THIS is a harrowing account of the evil of war and the extraordinary feats of heroics that come with it.

Based on the true story of one of the largest and most successful rescue missions by the US Army, Ghost Soldiers will leave you both angry, shocked and lost for words.

It recounts the true story of how an elite but small troop of Rangers managed to rescue more than 500 American POWs from certain death after being put through a living hell.

They did this with 8,000 Japanese soldiers waiting on the other side of a river and after trekking through jungle and bogs for three days.

We are introduced to a hellhole at the beginning of the Second World War in the Philippines and Filipino, American and British troops have been abandoned.

The American and British fleets have been so battered by the Japanese that they cannot rescue them and they are left as POWs.

Due to a misunderstanding, Japanese troops think they are getting around 40,000 relatively healthy POWs instead they have around 100,000 with all manner of conditions.
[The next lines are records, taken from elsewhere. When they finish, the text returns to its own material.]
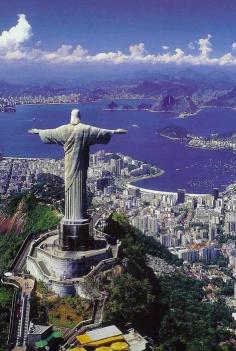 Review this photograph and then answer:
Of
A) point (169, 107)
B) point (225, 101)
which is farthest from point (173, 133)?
point (225, 101)

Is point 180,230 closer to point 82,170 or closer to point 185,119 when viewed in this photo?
point 82,170

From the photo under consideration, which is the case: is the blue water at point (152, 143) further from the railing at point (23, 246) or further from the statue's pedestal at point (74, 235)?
the statue's pedestal at point (74, 235)

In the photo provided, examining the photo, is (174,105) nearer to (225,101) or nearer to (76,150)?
(225,101)

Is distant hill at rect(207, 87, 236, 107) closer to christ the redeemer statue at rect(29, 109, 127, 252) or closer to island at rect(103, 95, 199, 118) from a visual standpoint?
island at rect(103, 95, 199, 118)

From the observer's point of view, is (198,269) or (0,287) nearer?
(0,287)

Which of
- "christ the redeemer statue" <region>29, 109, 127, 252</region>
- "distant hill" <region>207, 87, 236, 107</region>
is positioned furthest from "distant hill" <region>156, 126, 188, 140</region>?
"christ the redeemer statue" <region>29, 109, 127, 252</region>

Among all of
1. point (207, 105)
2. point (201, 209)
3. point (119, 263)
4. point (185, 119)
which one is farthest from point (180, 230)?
point (207, 105) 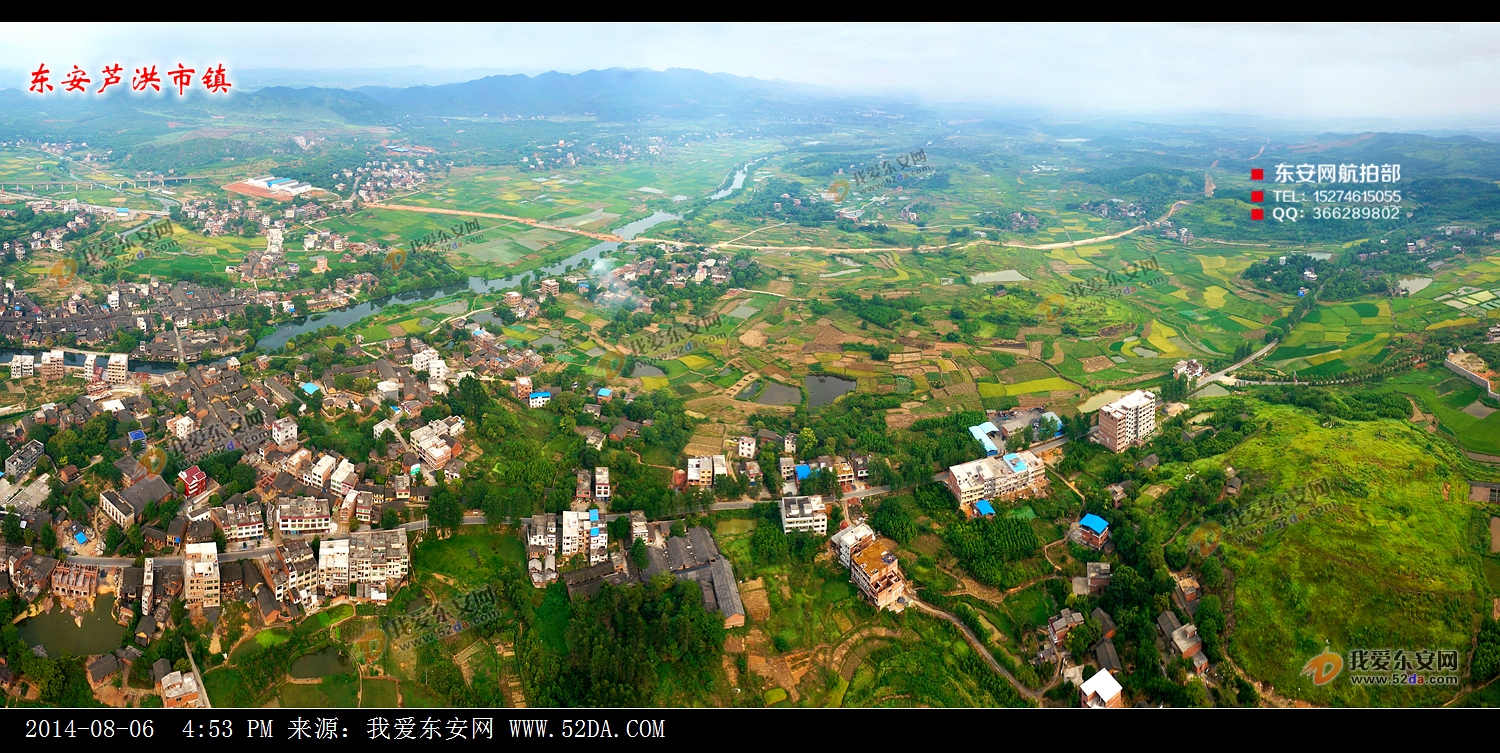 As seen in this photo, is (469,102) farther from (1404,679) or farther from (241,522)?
(1404,679)

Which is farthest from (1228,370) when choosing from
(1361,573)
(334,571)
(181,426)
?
(181,426)

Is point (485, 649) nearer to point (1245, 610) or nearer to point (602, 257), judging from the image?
point (1245, 610)

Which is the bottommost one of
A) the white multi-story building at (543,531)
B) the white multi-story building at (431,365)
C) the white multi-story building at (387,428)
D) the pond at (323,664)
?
the pond at (323,664)

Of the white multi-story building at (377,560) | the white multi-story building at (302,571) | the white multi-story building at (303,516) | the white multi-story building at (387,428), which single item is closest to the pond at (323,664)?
the white multi-story building at (302,571)

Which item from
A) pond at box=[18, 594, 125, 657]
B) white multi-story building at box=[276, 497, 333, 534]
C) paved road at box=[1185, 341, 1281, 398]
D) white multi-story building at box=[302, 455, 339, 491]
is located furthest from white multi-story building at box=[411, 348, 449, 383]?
paved road at box=[1185, 341, 1281, 398]

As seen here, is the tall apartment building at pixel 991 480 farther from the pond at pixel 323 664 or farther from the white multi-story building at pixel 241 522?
the white multi-story building at pixel 241 522

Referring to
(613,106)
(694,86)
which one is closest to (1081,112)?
(694,86)

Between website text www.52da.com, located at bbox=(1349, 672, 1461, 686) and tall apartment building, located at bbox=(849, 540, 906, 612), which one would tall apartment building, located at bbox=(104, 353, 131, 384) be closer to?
tall apartment building, located at bbox=(849, 540, 906, 612) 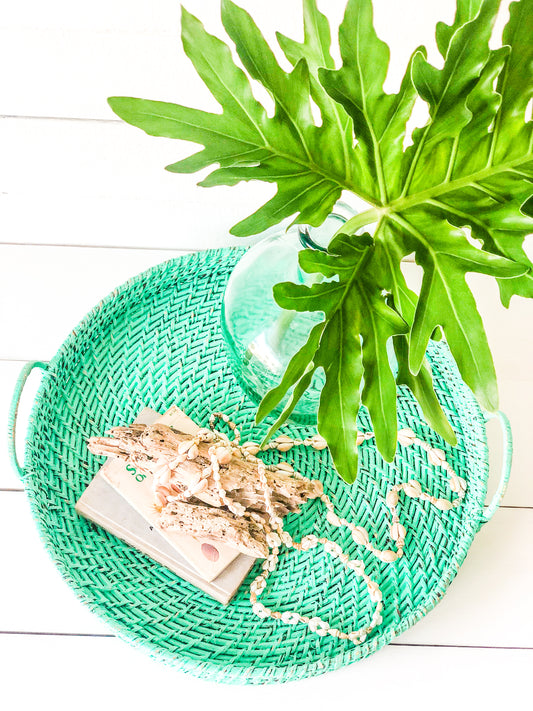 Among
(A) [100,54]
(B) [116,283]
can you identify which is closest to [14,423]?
(B) [116,283]

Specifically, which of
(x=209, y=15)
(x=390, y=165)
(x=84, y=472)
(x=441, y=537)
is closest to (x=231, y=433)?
(x=84, y=472)

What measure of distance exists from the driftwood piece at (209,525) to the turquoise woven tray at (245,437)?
6 cm

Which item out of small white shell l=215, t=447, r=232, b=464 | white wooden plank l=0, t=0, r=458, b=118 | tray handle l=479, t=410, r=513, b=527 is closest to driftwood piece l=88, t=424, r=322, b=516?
small white shell l=215, t=447, r=232, b=464

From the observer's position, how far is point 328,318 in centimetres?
64

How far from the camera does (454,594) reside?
0.94 metres

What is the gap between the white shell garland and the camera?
81 centimetres

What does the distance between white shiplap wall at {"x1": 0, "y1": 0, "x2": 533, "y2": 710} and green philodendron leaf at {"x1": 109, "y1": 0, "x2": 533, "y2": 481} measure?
0.41 meters

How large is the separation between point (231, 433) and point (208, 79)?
45 centimetres

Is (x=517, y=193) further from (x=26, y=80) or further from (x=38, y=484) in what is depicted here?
(x=26, y=80)

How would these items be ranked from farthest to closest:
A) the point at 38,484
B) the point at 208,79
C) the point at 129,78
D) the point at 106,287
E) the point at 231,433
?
the point at 129,78 < the point at 106,287 < the point at 231,433 < the point at 38,484 < the point at 208,79

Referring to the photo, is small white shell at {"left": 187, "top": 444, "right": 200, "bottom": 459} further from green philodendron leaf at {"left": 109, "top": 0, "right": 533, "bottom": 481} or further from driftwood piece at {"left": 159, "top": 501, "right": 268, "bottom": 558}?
green philodendron leaf at {"left": 109, "top": 0, "right": 533, "bottom": 481}

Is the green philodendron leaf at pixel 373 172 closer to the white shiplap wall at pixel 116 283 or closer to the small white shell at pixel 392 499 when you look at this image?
the small white shell at pixel 392 499

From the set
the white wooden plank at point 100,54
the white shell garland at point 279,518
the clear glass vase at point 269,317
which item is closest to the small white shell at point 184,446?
the white shell garland at point 279,518

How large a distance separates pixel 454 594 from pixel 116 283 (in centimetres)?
65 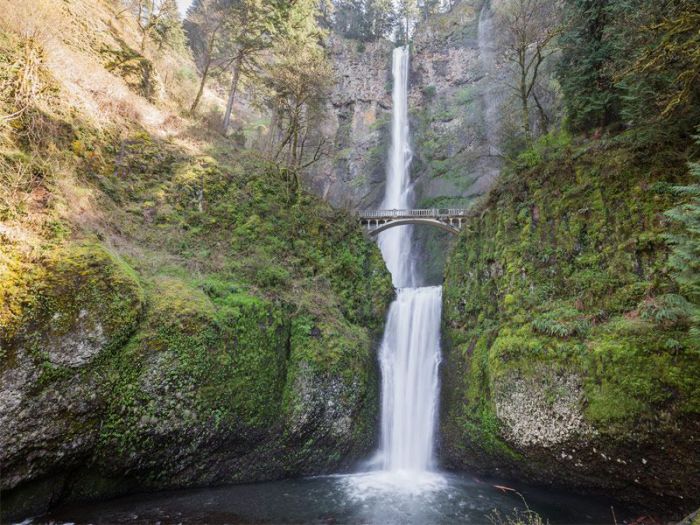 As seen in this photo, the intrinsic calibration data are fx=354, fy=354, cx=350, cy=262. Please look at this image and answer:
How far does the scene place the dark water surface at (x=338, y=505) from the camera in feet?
23.3

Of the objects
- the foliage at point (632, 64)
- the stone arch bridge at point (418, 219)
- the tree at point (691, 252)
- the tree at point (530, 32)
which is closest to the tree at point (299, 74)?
the stone arch bridge at point (418, 219)

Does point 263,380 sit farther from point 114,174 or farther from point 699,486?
point 699,486

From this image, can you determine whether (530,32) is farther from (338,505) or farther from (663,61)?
(338,505)

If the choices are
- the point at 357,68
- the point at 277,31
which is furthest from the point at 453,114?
the point at 277,31

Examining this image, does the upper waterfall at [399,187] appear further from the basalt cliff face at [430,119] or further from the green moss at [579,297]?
the green moss at [579,297]

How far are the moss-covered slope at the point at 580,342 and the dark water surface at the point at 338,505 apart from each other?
608mm

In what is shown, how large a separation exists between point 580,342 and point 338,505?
683cm

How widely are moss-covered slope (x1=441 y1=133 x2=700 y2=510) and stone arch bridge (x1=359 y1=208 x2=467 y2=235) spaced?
9.62 metres

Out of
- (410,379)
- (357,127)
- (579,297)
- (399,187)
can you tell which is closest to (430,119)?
(357,127)

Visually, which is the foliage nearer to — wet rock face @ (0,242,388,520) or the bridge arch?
the bridge arch

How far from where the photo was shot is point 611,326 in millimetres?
7781

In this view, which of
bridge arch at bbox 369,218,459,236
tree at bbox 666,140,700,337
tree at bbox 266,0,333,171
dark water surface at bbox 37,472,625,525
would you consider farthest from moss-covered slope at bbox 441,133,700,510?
tree at bbox 266,0,333,171

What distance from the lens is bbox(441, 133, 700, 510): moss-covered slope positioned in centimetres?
676

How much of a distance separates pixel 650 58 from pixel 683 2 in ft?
3.36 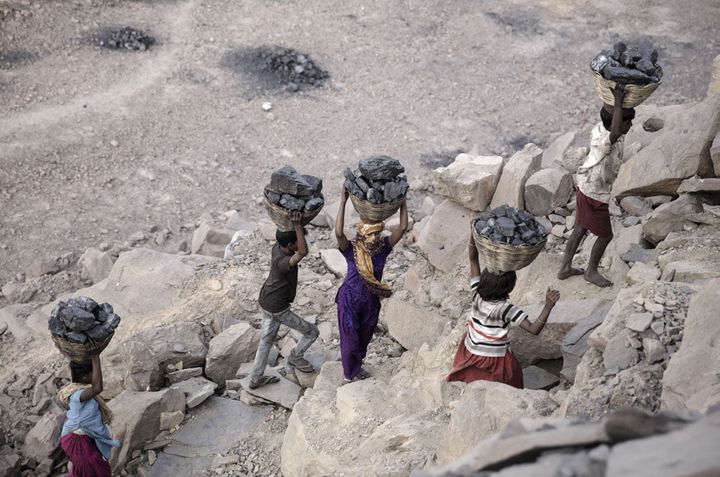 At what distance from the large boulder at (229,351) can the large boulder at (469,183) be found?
226 cm

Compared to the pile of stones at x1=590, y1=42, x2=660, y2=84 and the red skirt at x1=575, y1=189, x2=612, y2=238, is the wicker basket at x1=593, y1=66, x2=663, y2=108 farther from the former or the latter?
the red skirt at x1=575, y1=189, x2=612, y2=238

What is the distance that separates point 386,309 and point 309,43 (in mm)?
7515

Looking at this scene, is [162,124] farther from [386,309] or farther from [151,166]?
[386,309]

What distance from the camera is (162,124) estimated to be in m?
11.1

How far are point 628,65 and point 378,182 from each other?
6.66 ft

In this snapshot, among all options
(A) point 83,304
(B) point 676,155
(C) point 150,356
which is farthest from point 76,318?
(B) point 676,155

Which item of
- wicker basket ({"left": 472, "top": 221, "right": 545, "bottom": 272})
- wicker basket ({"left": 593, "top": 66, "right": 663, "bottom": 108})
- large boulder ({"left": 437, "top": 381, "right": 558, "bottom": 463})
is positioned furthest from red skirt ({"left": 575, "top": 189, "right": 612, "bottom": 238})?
large boulder ({"left": 437, "top": 381, "right": 558, "bottom": 463})

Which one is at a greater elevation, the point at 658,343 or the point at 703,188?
the point at 658,343

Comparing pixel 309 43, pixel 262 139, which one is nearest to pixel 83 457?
pixel 262 139

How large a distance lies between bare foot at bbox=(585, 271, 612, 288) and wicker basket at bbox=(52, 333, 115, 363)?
3731 mm

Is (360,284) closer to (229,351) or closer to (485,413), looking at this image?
(229,351)

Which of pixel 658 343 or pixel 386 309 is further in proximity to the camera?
pixel 386 309

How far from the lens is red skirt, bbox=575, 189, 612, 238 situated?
19.0 ft

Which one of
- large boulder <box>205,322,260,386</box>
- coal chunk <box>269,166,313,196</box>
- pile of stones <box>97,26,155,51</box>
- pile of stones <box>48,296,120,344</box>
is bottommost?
pile of stones <box>97,26,155,51</box> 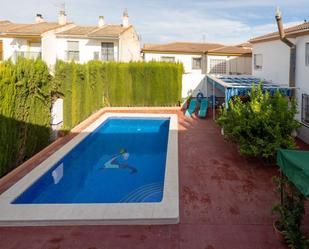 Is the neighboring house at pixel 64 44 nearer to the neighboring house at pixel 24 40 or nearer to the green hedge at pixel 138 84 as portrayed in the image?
the neighboring house at pixel 24 40

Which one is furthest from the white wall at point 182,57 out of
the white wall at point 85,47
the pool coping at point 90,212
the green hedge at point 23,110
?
the pool coping at point 90,212

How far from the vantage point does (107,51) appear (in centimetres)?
3319

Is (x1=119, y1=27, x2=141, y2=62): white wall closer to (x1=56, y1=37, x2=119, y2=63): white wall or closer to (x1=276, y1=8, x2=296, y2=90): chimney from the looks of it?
(x1=56, y1=37, x2=119, y2=63): white wall

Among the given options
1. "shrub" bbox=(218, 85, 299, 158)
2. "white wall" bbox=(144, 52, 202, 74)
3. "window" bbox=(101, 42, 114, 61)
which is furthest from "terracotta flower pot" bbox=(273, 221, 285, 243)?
"white wall" bbox=(144, 52, 202, 74)

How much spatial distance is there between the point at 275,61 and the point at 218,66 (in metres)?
17.3

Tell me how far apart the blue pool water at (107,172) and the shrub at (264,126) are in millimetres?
3294

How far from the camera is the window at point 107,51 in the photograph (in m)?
33.1

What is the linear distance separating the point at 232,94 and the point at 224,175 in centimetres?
627

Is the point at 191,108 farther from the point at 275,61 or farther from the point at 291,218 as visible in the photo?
the point at 291,218

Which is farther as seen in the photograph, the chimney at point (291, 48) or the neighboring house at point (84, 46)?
the neighboring house at point (84, 46)

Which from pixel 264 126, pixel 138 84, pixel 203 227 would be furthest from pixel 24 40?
pixel 203 227

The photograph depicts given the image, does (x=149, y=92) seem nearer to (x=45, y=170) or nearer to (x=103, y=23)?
(x=45, y=170)

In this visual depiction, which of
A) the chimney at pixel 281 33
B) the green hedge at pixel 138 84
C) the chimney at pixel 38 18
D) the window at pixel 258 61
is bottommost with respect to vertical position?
the green hedge at pixel 138 84

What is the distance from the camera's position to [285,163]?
580 centimetres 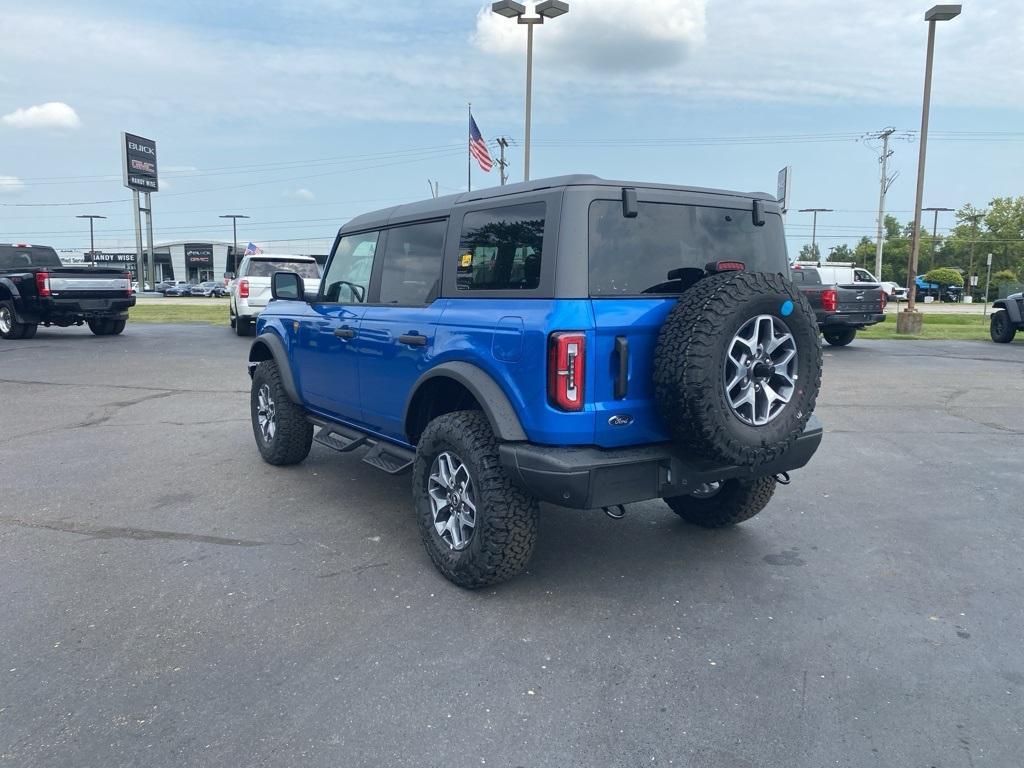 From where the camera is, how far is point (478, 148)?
24.0 meters

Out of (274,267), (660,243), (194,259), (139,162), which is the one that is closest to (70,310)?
(274,267)

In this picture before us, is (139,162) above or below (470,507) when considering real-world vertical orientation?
above

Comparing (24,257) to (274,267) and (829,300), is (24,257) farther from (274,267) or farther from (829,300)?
(829,300)

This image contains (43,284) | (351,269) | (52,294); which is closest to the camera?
(351,269)

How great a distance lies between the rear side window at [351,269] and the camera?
5.00 metres

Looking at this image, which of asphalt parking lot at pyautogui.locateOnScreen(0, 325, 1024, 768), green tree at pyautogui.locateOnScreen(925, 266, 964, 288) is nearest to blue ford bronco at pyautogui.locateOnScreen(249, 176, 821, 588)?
asphalt parking lot at pyautogui.locateOnScreen(0, 325, 1024, 768)

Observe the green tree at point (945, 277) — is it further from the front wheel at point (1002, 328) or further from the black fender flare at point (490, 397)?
the black fender flare at point (490, 397)

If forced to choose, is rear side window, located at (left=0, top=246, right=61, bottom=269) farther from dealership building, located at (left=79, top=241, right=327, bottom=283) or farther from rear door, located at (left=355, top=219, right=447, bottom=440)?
dealership building, located at (left=79, top=241, right=327, bottom=283)

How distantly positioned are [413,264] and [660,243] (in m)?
1.55

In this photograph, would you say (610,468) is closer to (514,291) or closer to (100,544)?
(514,291)

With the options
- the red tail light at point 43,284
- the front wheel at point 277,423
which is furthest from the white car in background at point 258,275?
the front wheel at point 277,423

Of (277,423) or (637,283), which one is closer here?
(637,283)

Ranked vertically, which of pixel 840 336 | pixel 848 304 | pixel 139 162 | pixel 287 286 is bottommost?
pixel 840 336

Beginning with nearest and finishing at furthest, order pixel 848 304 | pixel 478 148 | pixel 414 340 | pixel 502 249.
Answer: pixel 502 249, pixel 414 340, pixel 848 304, pixel 478 148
And so we are taken on the Bataan Death March, through which the numbers are whittled down by random beatings, disease and starvation. And from this, we are taken to Cabanatuan POW camp, where around 50,000 prisoners are expected to survive in a prison made for 9,000.

To say the scenes played out over these events are sickening is an understatement. They are truly horrifying a powerful example of the futile brutality of war.

After news leaks of a massacre at another POW camp, the Allied forces send out the Rangers, together with a team of Filipino guerrillas, to rescue what men remained at the last big camp, Cabanatuan.

Hampton Sides' recounting of how they did this will leave you in awe at a military operation executed to perfection. Following the Rangers as they make their way towards the camp makes for a genuinely thrilling page-turner.

But the images in this book will stay with you for a long time.